In order to expand access, and in accordance with its Land-Grant mission, OSU will:
Imperative 1
Enroll a minimum of 5,000 new first-year students by the fall of 2026 at the Stillwater campus
Objective 1: Recruit an increasing number of college-ready undergraduate students.
Given its broad understanding of access – and as a means of extending the breadth of its service to the state and nation – Oklahoma State University intends to strategically increase enrollment across its system by fully resourcing its enrollment management function. With the state’s production of degree-holding citizens a stark 25% behind the national average, the dearth of college-prepared graduates threatens Oklahoma’s current workforce vitality and jeopardizes future economic prospects. OSU intends to meet this critical State need by increasing its overall student enrollment and leveraging all four of its undergraduate degree-granting campuses – Stillwater, Oklahoma City, Tulsa, and Okmulgee – and the Center for Health Sciences, growing enrollment, particularly in Oklahoma’s high-demand professions, as appropriate at each location. As a common, recognizable metric, OSU will use the Stillwater enrollment number as its measure of progress while pursuing growth across all its campus locations.

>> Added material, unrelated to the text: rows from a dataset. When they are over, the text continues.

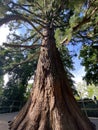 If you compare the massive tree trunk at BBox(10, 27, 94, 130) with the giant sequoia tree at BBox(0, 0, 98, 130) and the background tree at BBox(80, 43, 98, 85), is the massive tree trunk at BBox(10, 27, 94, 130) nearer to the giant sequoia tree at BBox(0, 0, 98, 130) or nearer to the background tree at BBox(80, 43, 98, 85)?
the giant sequoia tree at BBox(0, 0, 98, 130)

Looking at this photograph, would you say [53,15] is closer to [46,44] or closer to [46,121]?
[46,44]

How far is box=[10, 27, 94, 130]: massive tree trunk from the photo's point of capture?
581 centimetres

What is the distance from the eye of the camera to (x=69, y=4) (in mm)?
6930

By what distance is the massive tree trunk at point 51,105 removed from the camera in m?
5.81

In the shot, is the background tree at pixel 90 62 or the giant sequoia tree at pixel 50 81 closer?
the giant sequoia tree at pixel 50 81

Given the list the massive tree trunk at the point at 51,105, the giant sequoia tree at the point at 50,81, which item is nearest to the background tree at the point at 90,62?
the giant sequoia tree at the point at 50,81

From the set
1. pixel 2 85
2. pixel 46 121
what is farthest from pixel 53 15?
pixel 2 85

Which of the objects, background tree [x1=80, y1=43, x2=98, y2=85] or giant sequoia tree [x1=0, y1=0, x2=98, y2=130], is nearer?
giant sequoia tree [x1=0, y1=0, x2=98, y2=130]

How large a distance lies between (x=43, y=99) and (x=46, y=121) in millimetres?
678

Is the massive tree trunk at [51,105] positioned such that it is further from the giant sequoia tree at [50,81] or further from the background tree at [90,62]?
the background tree at [90,62]

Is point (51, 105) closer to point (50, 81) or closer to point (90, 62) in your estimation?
point (50, 81)

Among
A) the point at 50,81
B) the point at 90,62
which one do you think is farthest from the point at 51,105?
the point at 90,62

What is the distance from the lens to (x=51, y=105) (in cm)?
604

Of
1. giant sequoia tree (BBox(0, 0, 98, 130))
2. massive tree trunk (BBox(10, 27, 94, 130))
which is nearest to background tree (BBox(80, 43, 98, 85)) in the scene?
giant sequoia tree (BBox(0, 0, 98, 130)) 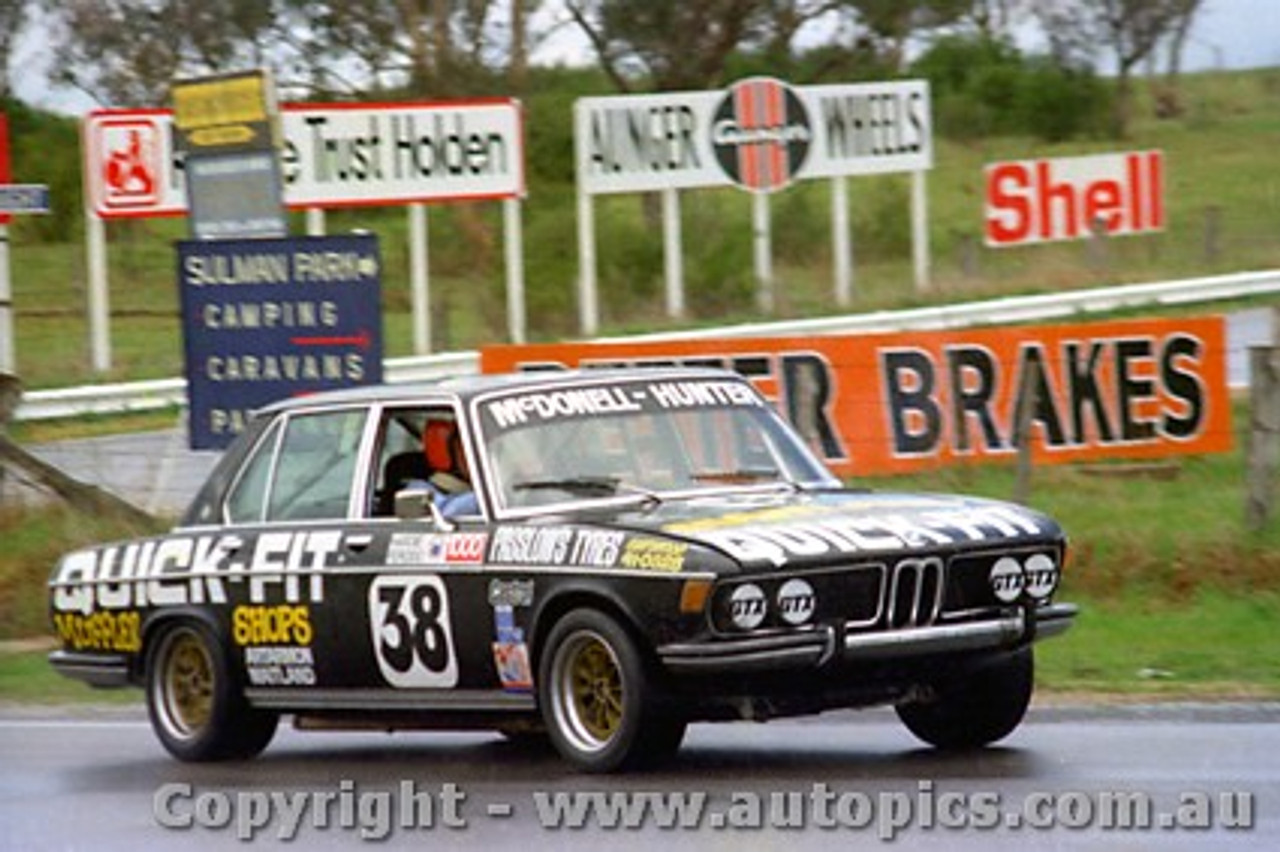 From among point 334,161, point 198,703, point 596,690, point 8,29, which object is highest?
point 8,29

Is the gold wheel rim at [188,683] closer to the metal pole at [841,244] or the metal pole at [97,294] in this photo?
the metal pole at [97,294]

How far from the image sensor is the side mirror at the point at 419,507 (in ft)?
36.9

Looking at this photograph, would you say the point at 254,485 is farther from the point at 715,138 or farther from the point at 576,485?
the point at 715,138

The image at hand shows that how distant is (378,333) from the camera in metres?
17.8

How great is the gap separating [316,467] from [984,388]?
8.23 metres

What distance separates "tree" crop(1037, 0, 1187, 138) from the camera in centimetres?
6638

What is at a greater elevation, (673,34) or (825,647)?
(673,34)

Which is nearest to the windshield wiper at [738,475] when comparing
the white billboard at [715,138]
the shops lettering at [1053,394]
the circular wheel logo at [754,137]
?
the shops lettering at [1053,394]

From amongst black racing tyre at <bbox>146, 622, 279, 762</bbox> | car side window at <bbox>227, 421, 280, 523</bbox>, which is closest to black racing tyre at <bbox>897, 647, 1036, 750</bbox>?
black racing tyre at <bbox>146, 622, 279, 762</bbox>

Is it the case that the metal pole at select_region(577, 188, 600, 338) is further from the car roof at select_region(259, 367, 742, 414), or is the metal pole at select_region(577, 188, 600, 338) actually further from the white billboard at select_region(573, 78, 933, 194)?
the car roof at select_region(259, 367, 742, 414)

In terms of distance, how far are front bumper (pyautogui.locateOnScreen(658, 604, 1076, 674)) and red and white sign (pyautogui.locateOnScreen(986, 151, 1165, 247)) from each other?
28922 millimetres

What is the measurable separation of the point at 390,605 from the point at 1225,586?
662cm

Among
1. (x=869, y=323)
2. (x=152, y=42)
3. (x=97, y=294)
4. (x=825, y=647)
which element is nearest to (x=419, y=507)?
(x=825, y=647)

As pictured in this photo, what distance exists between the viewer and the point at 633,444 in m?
11.5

Objective 2: Increase scholarship support to new students.
To increase enrollment from every rural corner of our 77 counties to the urban corridors of the State’s major cities and beyond, OSU will establish its broadest-reaching, most comprehensive initiative to date for providing flexible, timely financial support in the form of scholarships to help incoming first-year and transfer students to matriculate at the University. Constituted in a newly-created, University-wide initiative, support will span every school and will touch the entire Oklahoma State University system, meeting needs irrespective of college affiliation or major.

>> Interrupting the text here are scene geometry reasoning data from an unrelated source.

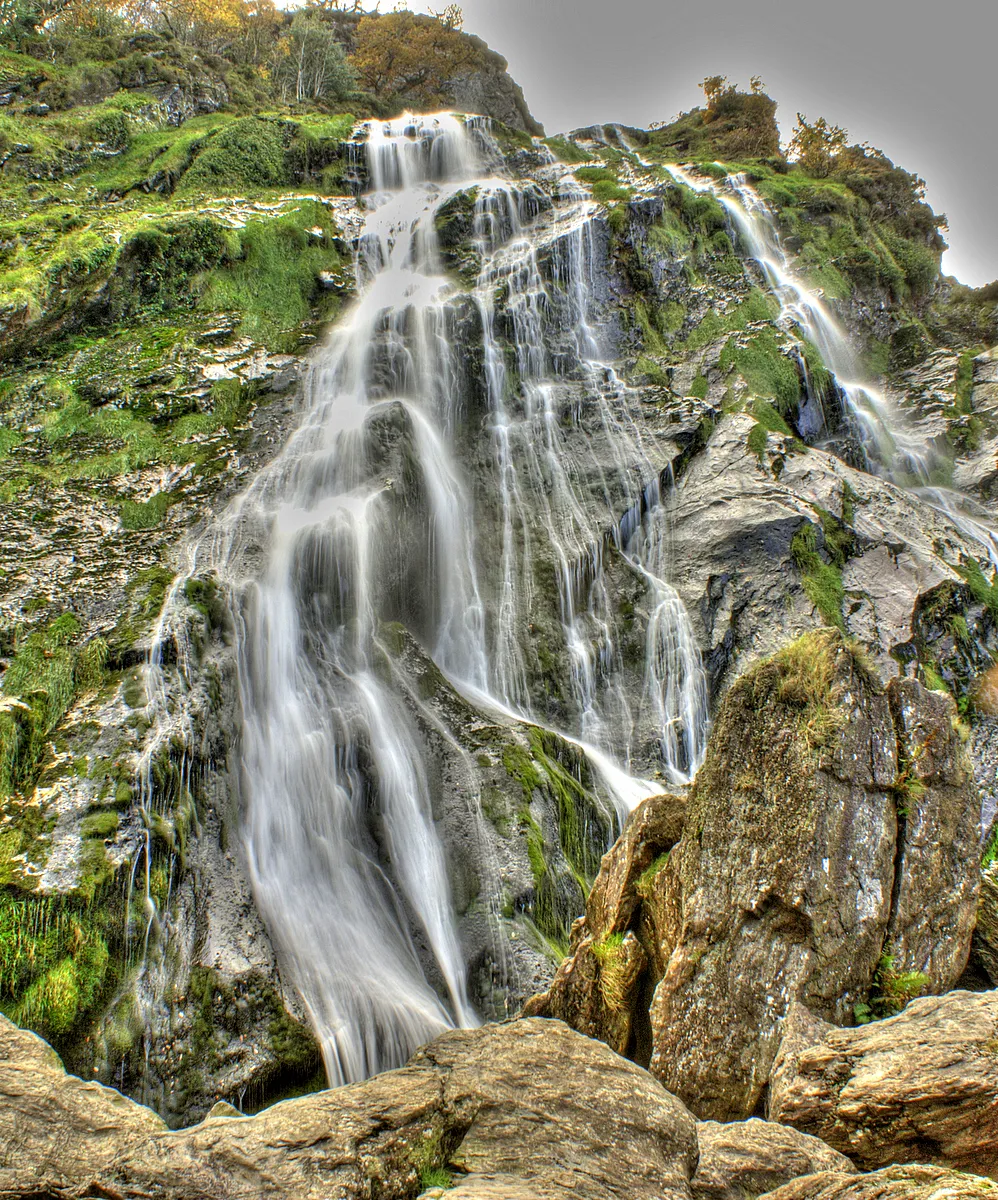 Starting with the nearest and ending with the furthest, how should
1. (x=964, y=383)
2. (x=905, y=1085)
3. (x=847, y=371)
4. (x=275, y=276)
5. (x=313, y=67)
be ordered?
(x=905, y=1085), (x=275, y=276), (x=964, y=383), (x=847, y=371), (x=313, y=67)

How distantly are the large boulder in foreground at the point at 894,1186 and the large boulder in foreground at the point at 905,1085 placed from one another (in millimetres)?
754

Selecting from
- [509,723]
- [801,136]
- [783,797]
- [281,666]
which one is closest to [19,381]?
[281,666]

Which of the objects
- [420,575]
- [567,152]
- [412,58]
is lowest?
[420,575]

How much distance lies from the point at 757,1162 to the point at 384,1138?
213 centimetres

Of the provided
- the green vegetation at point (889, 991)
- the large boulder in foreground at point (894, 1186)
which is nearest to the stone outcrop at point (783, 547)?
the green vegetation at point (889, 991)

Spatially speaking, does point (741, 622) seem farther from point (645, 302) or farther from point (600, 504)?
point (645, 302)

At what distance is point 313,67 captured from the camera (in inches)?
1261

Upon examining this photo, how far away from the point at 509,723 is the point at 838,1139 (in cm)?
675

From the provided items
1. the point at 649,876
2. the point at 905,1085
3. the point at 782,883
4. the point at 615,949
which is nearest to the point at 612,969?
the point at 615,949

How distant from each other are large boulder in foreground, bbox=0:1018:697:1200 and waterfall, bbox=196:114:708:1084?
10.2 feet

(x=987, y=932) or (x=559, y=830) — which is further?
(x=559, y=830)

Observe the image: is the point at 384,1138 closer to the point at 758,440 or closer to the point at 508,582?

Objective 3: Create a university “Front Door.”
To provide a central location for welcoming incoming students and preparing them for lives as active and contributing alumni, OSU will create a state-of-the-art, technologically-enabled facility to serve as a launching point for a Cowboy future and to house essential functions related to recruitment and retention.
Imperative Progress Updates
2024
- Indicators are positive with applications, admits and enrollment deposits for another high enrollment milestone for fall of 2024. The augmentation of scholarship funding contributes to OSU's increased competitiveness and accessibility.
- Working groups are established to focus on improving access for underrepresented populations and increasing yield rates.
News and Achievements
2023
1 For instance, a student born into the bottom 20 percent of the income distribution
(or the lowest quintile) has a 45 percent chance of remaining there as an adult if
he or she does not have a college degree. In contrast, individuals born into the lowest
quintile who do obtain a college degree have only a 16 percent chance of remaining
there later in life. Brookings Institution, June 21, 2013.
2 Between 1980 and 2020, the average cost for tuition, fees, room and board for an undergraduate degree increased 169%. Georgetown University Center for Education and the Workforce.